Potency comparisons between TIKOSYN and CARDIOQUIN depend on the specific clinical indication. These are both Antiarrhythmic Agent agents and are not directly interchangeable by dose. A physician or clinical pharmacist should guide any therapeutic switching decisions.
The standard adult dose of TIKOSYN is: 500 mcg orally twice daily for atrial fibrillation/flutter conversion and maintenance of sinus rhythm.. The standard adult dose of CARDIOQUIN is: Quinidine gluconate extended-release: 324-648 mg orally every 8-12 hours. Quinidine sulfate immediate-release: 200-400 mg orally every 6 hours. Quinidine sulfate extended-release: 300-600 mg orally every 8-12 hours. Maximum dose: 3-4 g/day.. Dosing should always be individualized based on indication, renal and hepatic function, age, and other patient factors.

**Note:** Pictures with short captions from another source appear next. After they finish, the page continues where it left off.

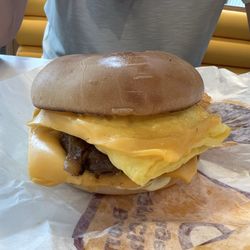 McDonald's - Steak, egg, and cheese bagel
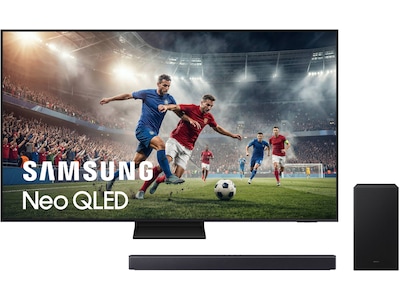 Samsung 85" QN70F Neo QLED 4K Mini LED Smart TV (2025) + ljudplank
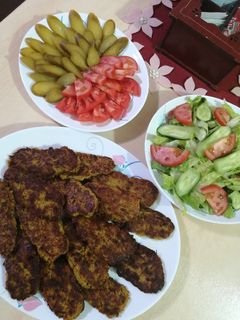 عکسی از دستور کتلت هویج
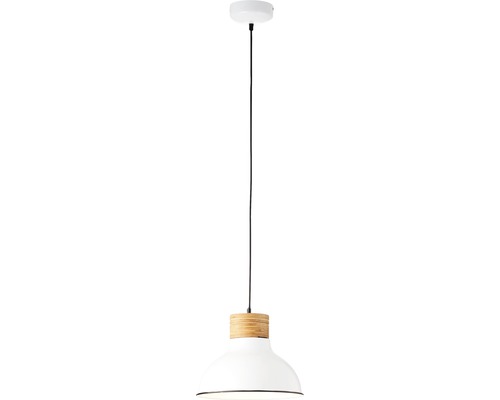 Pendellampa med träapplikation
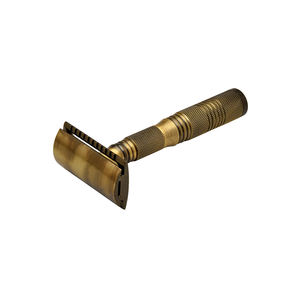 Precio de fábrica Suministro directo La mejor maquinilla de afeitar de seguridad ajustable con cuchillas de acero inoxidable Mango de latón para hombres Fabricación India - Product Image 4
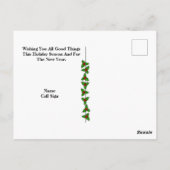 ハムラジオサンタアンド小人ズクリスマスポストカード ポストカード (裏面)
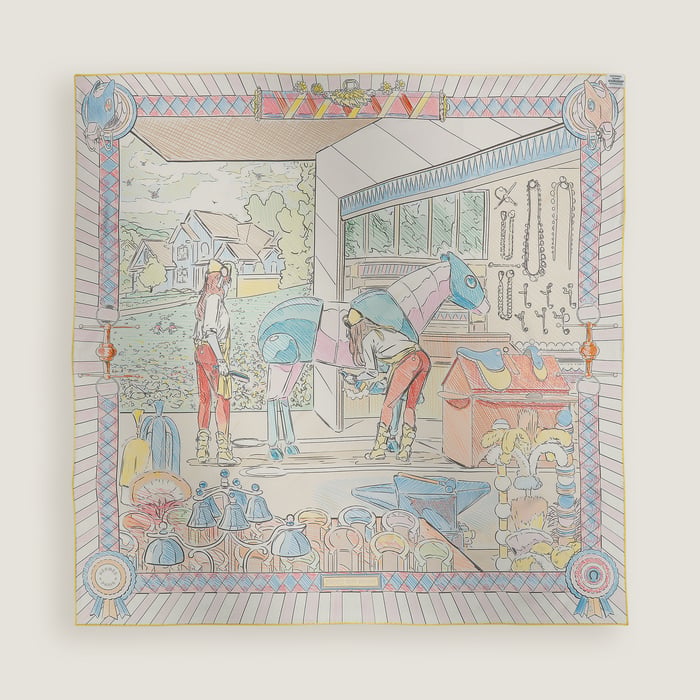 Pony Pit Stop Double Face Scarf 90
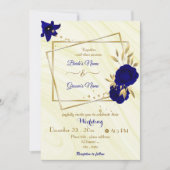 Königsblüten, geometrische Hochzeit Einladung (Vorderseite)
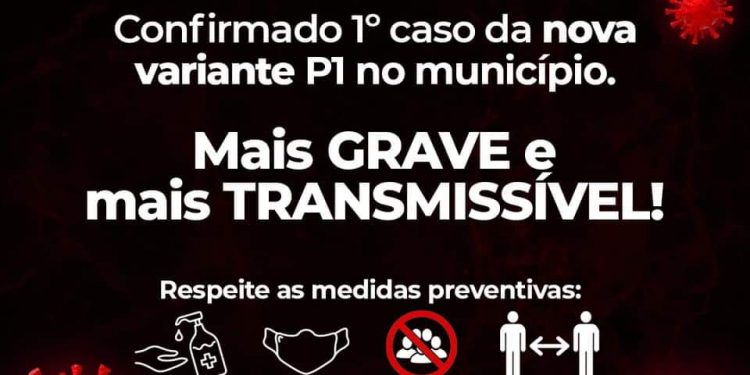 Santa Terezinha de Itaipu confirma primeiro caso de variante da Covid-19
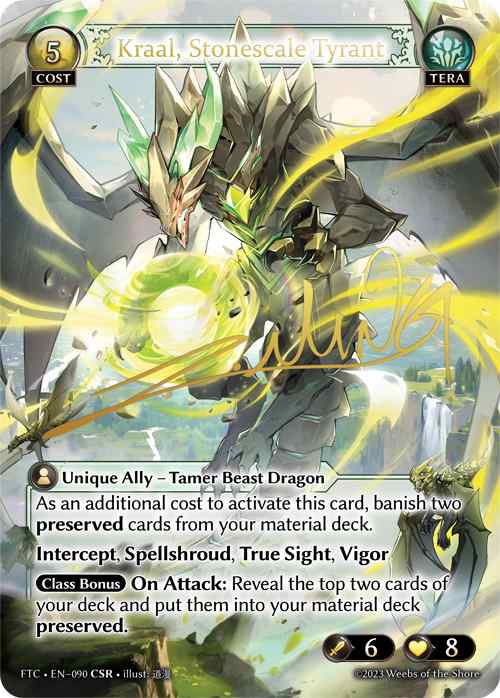 【クーポン使用不可】【CSR】[Tera] Kraal, Stonescale Tyrant [FTC090-CSR]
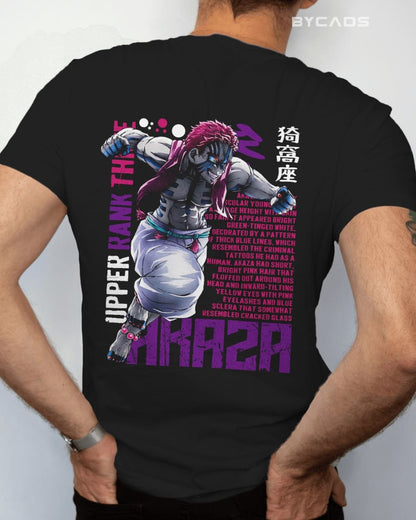 BYCADS "Upper Rank Three" Akaza Anime Graphic Regular Fit Cotton Blend T-Shirt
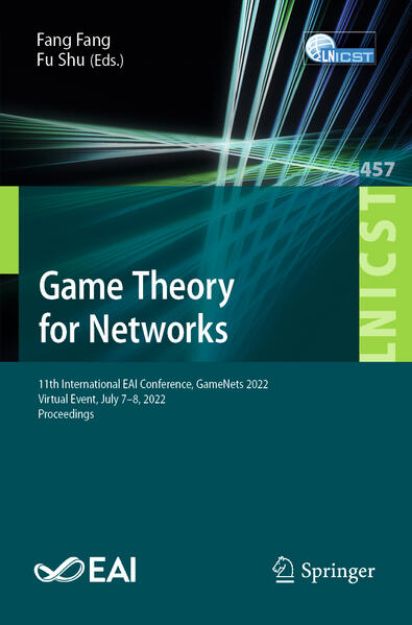 Bild zu Game Theory for Networks von Fu (Hrsg.) Shu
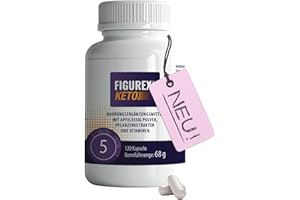‎FIGUREX FIGUREX Keto Kapseln + verbesserter Komplex, Normaler Stoffwechsel mit Vitamin B12, auch bei ketogener Ernährung und Keto Diät, Frauen und Männer, 120 Kapseln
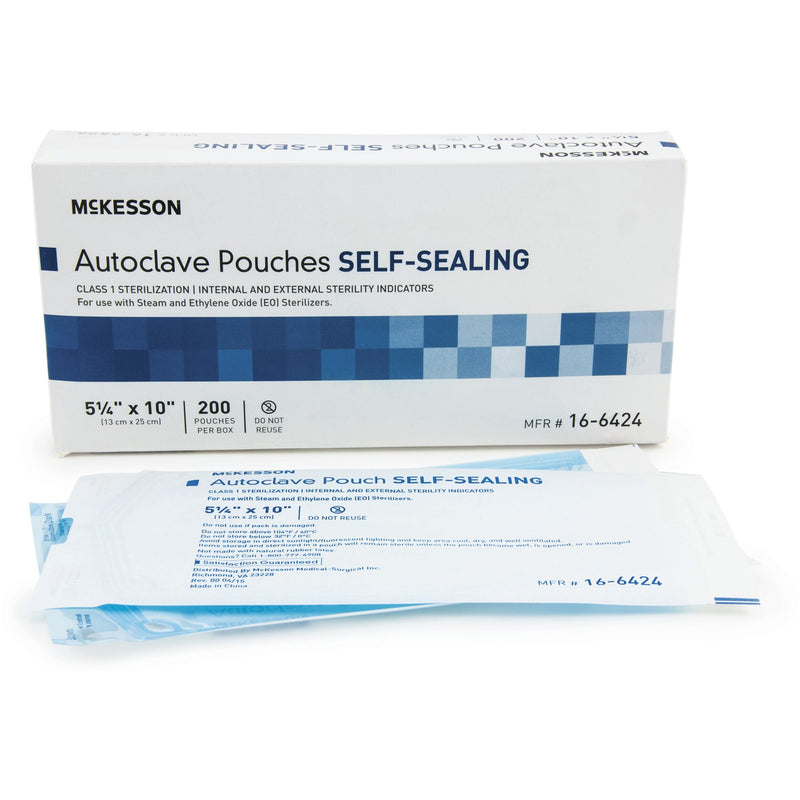 McKesson Sterilization Pouch, 5¼ x 10 Inch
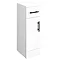 Venice 250x300mm Gloss White Cupboard Unit with Matt Black Handles Large Image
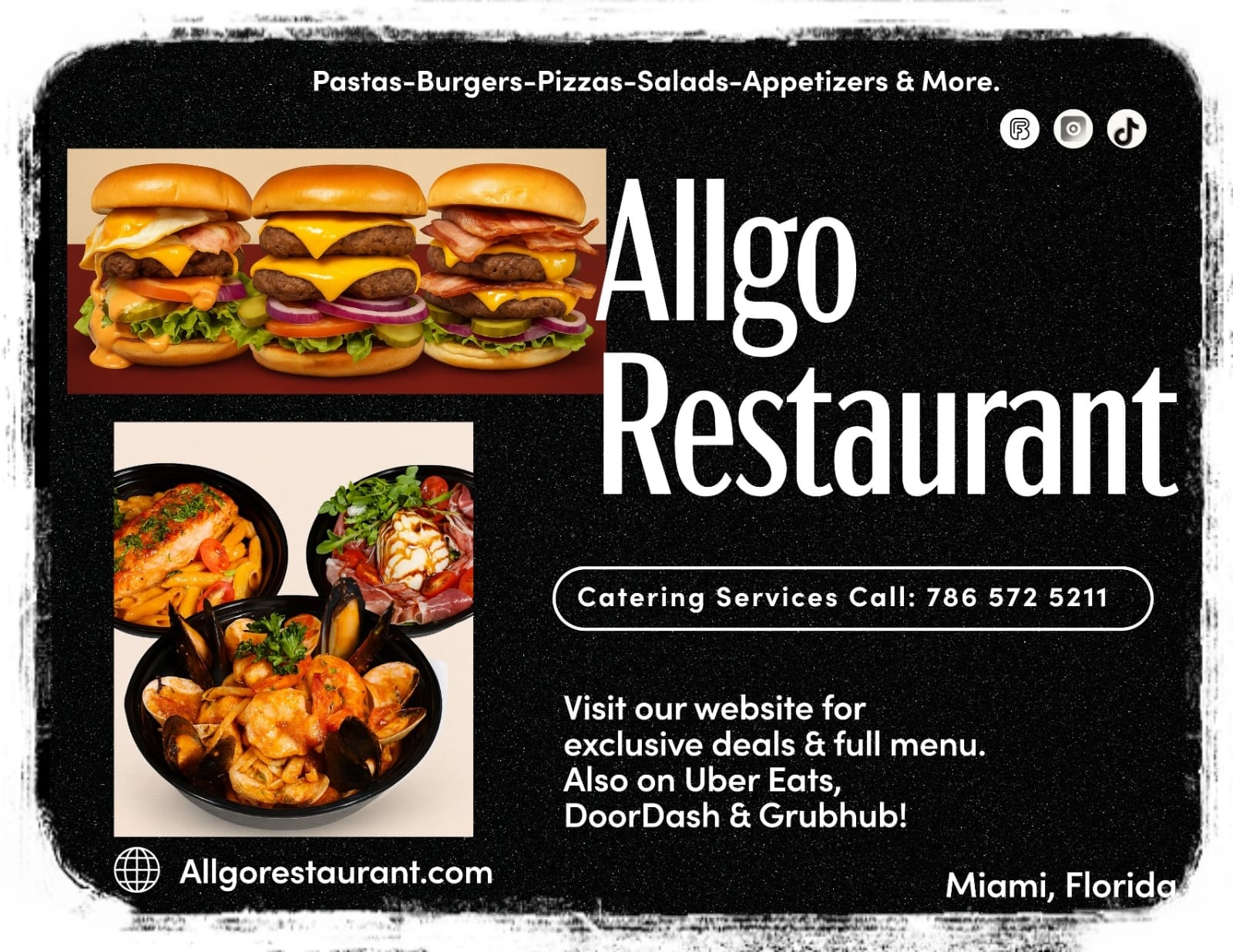 Allgo restaurant Menu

No direct drug-drug interaction has been formally documented between TIKOSYN and CARDIOQUIN in current clinical databases. However, individual patient risk factors including other medications, organ function, and comorbidities should always be evaluated by a qualified healthcare provider.
The maternal-fetal safety profiles differ. TIKOSYN is classified as Category C. Pregnancy Category C. Animal studies have shown fetal toxicity (increased fetal loss, reduced fetal weight) at maternally toxic doses. No adequate and well-controlled studies in pr. CARDIOQUIN is classified as Category C. Quinidine, the active ingredient in CARDIOQUIN, is classified as FDA Pregnancy Category C. First trimester: Limited data, but animal studies have shown teratogenic effects at high . Always consult a maternal-fetal medicine specialist before taking either drug during pregnancy or lactation.